87 Views Asked by At

If $f:X \rightarrow Y$ is differentiate at $x$ and $g:Y \rightarrow Z$ is differentiable at $y = f(x)$, then $g \circ f: X \rightarrow Z$ is differentiable at x and $$F(g\circ f)(x) = Dg(f(x)) Df(x)$$

I am able to prove it for univariate functions or for $\mathbb{R}^n \rightarrow \mathbb{R}$ functions, but not for more general spaces such as $X, Y$ And $Z$. Can somebody help me on that?

2

There are 2 best solutions below

0
On BEST ANSWER

I will assume that $X,Y,Z$ are Banach spaces. The "easiest" way to prove this, imho, is to use the characterization of differentiability that $f$ is differentiable at $x$ iff there exists a linear map $\mathrm Df(x):X\to Y$ and a remainder $R_{f,x}:X\to V$ such that

$$f(x+h)=f(x)+\mathrm Df(x)(h)+R_{f,x}(h)$$

and

$$\lim_{h\to0}\frac{R_{f,x}(h)}{\Vert h\Vert}=0.$$

Similarly, $g$ is differentiable at $y$ iff there exists a linear map $\mathrm Dg(y):Y\to Z$ and a remainder $R_{g,y}:Y\to Z$ such that

$$g(y+h)=g(y)+\mathrm Dg(y)(h)+R_{g,y}(h)$$

and

$$\lim_{h\to0}\frac{R_{g,y}(h)}{\Vert h\Vert}=0.$$

Now combine these to get

$$\begin{align}g\circ f(x+h)&=g(f(x)+\mathrm Df(x)(h)+R_{f,x}(h))\\ &=g(y+\mathrm Df(x)(h)+R_{f,x}(h))\\ &=g(y)+\mathrm Dg(y)[\mathrm Df(x)(h)+R_{f,x}(h)]+R_{g,y}[\mathrm Df(x)(h)+R_{f,x}(h)]\\ &=g(y)+\mathrm Dg(y)\mathrm Df(x)(h)+\left\{\mathrm D g(y)(R_{f,x}(h))+R_{g,y}[\mathrm Df(x)(h)+R_{f,x}(h)]\right\}. \end{align}$$

If you can show that

$$\lim_{h\to0}\frac{\mathrm D g(y)(R_{f,x}(h))+R_{g,y}[\mathrm Df(x)(h)+R_{f,x}(h)]}{\Vert h\Vert}=0,$$

then you're done (the numerator is the big term in curly brackets above).
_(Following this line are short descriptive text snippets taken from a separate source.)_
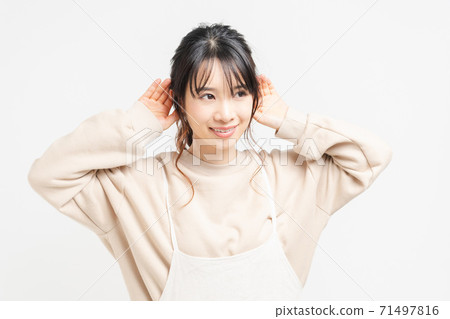 年輕女子聽 年輕女子聽 71497816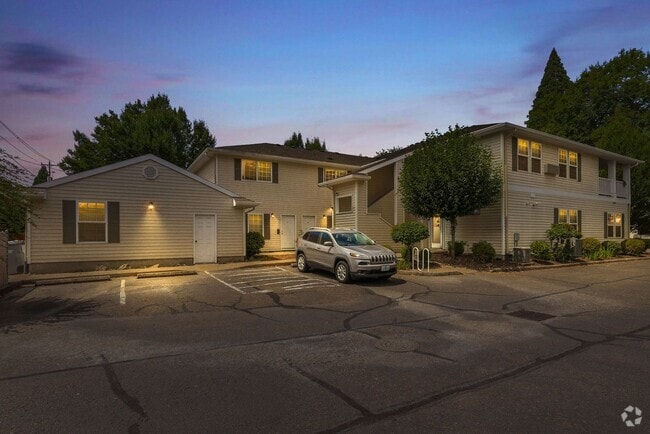 Building Photo - Luxury Loft Apartment- Downtown Canby Unit 565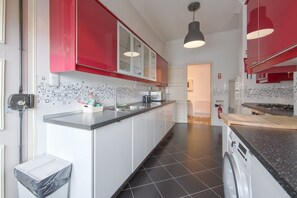 Microwave, dishwasher, coffee/tea maker, cookware/dishes/utensils - Gaspar House III by Homing (Lisbon)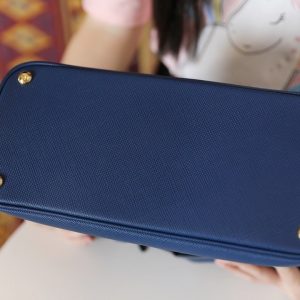 PRADA Handbag - Image 8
Because then $\mathrm Dg(y)\mathrm Df(x)$ is the required differential and the term in curly brackets the remainder for $g\circ f$, which is then consequently differentiable with differential $\mathrm Dg(y)\mathrm Df(x)=\mathrm Dg(f(x))\mathrm Df(x)$.

0
On

I like the Weierstraß formulation of differentiation for such cases:
$f$ is differentiable at $x$ if there is a linear function $L$ and a remainder function $r$ such that $f(x+v)=f(x)+L(v)+r(v)$ with $\lim_{v\to 0}\frac{r(v)}{\|v\|}=0.$
This has the advantage that you do not have to bother coordinates or specific directions. This way we get matrix multiplication for the derivatives and only have to work on the remainders a bit.